BEGIN MATERIAL FOR THIS TASK
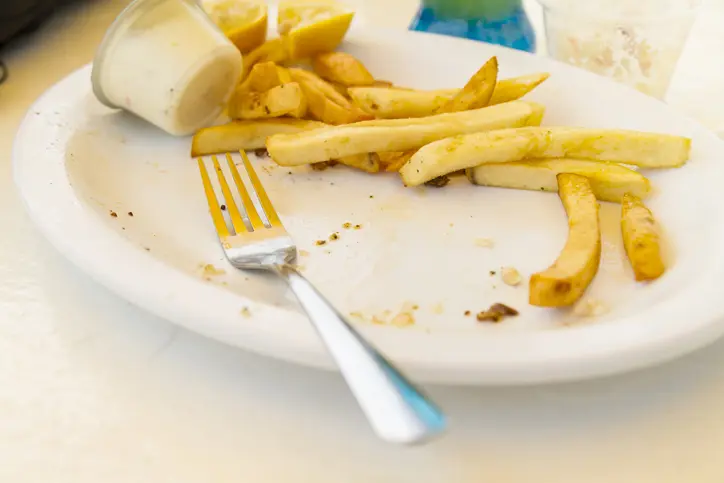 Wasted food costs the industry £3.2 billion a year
END MATERIAL FOR THIS TASK
BEGIN MATERIAL FOR THIS TASK
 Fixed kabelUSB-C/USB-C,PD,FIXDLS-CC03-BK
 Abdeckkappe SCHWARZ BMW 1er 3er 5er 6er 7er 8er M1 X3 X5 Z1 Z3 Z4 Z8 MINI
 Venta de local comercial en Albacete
END MATERIAL FOR THIS TASK
WHAT NEEDS TO BE DONE: Considering only the material above, set down every line from the one with "Abdeckkappe SCHWARZ BMW" to the one with "Venta de local comercial en Albacete", inclusive, exactly as written.

SOLUTION TO THIS TASK:
 Abdeckkappe SCHWARZ BMW 1er 3er 5er 6er 7er 8er M1 X3 X5 Z1 Z3 Z4 Z8 MINI
 Venta de local comercial en Albacete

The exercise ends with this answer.